Day 44. Today, we take our umbrellas and all to Nara. We walk not too late to Kyoto station, and take the Nara line special express. Nara is a small town 45 minutes away from Kyoto. It was the capital in the 8th century, and it is full of temples and shrines. We exit the station and start walking to Nara park. Arriving, we are greeted by the first of many, many deer we will encounter all day. They are laying down along a nice little pond, at the end of which we can already see a temple. We go up some stairs and reach an esplanade with a 5 stories high pagoda, and 4 or 5 temples around. And deer. But we know we won’t be able to do everything in a day, especially since temples close at 5 or 5.30 pm. We continue in the park, watching deer families with relatively small babies stroll along. A road crosses the park, but dears do not seem to respect the crossing lights. Cars have the uttermost respect for the animals, most drivers are smiling and laughing once they can get back rolling. 

It is lunchtime, we take a quick cold soba meal, a macha soft ice-cream (some deer press Samuel to share, but are then attracted to people who have deer biscuits, thankfully), and walk towards Todai-ji Chumon (Middle gate), an imposing gate. We pass the gate, not without taking some pictures, and see the Todai-ji temple complex, but no sign of the big Buddha that is supposedly in the temple. We pay the entrance fee, walk towards the main temple, walk up the stairs, and there it is. We are facing the world’s largest bronze statue of the Buddha Vairocana, known in Japanese as Daibutsu. And big it is. There are slightly smaller statues on each side of the Buddha hall. Todai-ji was opened in 752, but had to be reconstructed several times. Maquettes of the old versions of the temple, as believed by researchers, are displayed in the hall.
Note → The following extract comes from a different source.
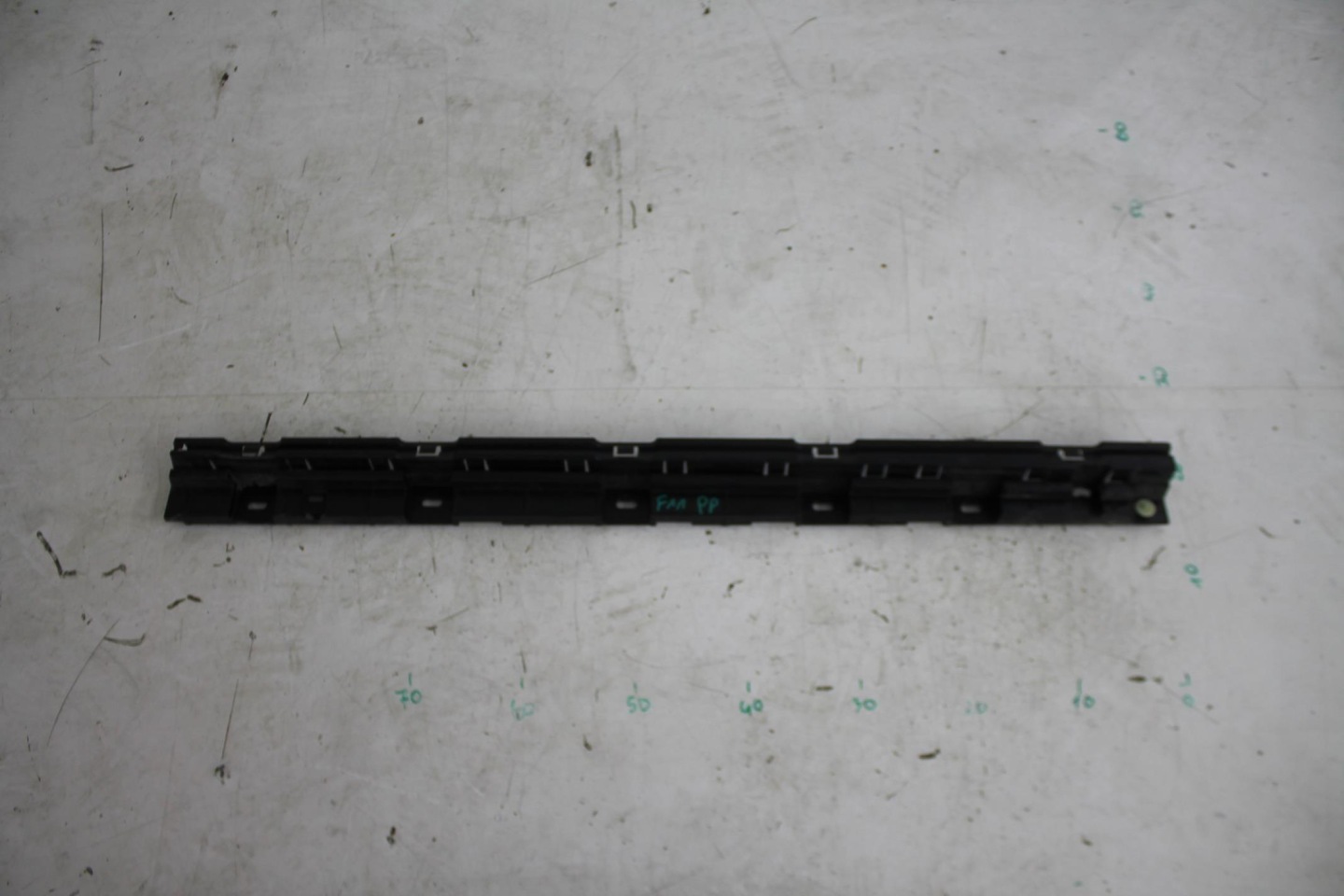 support holder of the threshold right front 7184778 BMW F11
The Buddha is close to 15 m high. The statue’s shoulders are 28 meters across, and there are 960 six curls atop its head! After taking this in, we exit the temple, and decide to walk up the hill to Nigatsudo, a smaller temple that used to be part of the Todai-ji complex. The place is almost empty, the building, while much smaller, is precious. And the views of the valley it provides are fantastic. We relax and drink some green tea, taking in the views. Some storms are menacing on the far side, but overall it seems the sun will resist. We discover a nice path in the hilly forest behind the temple. Along the path, many small Buddha statues. It is peaceful. 

After enjoying tremendously Nigatsudo, we walk back towards esplanade with the pagoda. It is hot, the sun is back in full, Samuel offers the UV-protective umbrella to Noe, who accepts and discovers it does make a difference with respect to a normal, rain only, umbrella. We admire the 8th century pagoda, the Kofuku-ji temple, and decide to go cool off in the national treasure hall, where some important statues and art works are well-preserved in a protective environment. There, we can admire a big sculpture of Ashura, one of the eight guardian deity figures commissioned by Empress Komyo 1,000 years ago. It is a demon god with multiple arms and faces. We can also admire the lifelike figures by master carver Unkei and his sons; the muscular Kongorikishi guardians and the rather grotesque Tentouki and Ryutouki lantern carriers. It is a rather small museum, but well worth it, and allows us to cool down.

We then pass along the Kofuku-ji Chukindou and the Nanen-do, and start walking towards the station. The kids what some Macha shaved ice, so we stop and have Macha tea with traditional sweets (adults), and Macha shaved ice (teens). We then take the first train back to Kyoto. But the kids ask us to make a stop on the way: they really want to see the famous Fushimi Inari Taisha complex and the Senbon Torii (Thousand torii). We decide to do the trek in the dark (there are lights along the way). Turns out it is a mountainous trek inside a tunnel of torii, undoubtedly more than a thousand. After many steps and hesitations, and completely wet (it is still more than 30 degrees), we reach the top. Fantastic! There are some precious views of Kyoto by night, the views are incredible by day, too, surely… but we won’t have time to come back, and previsions are that the hot weather is here to stay. We go back home, make a stop along the way to buy some bento boxes, stretch, shower, eat, and rest.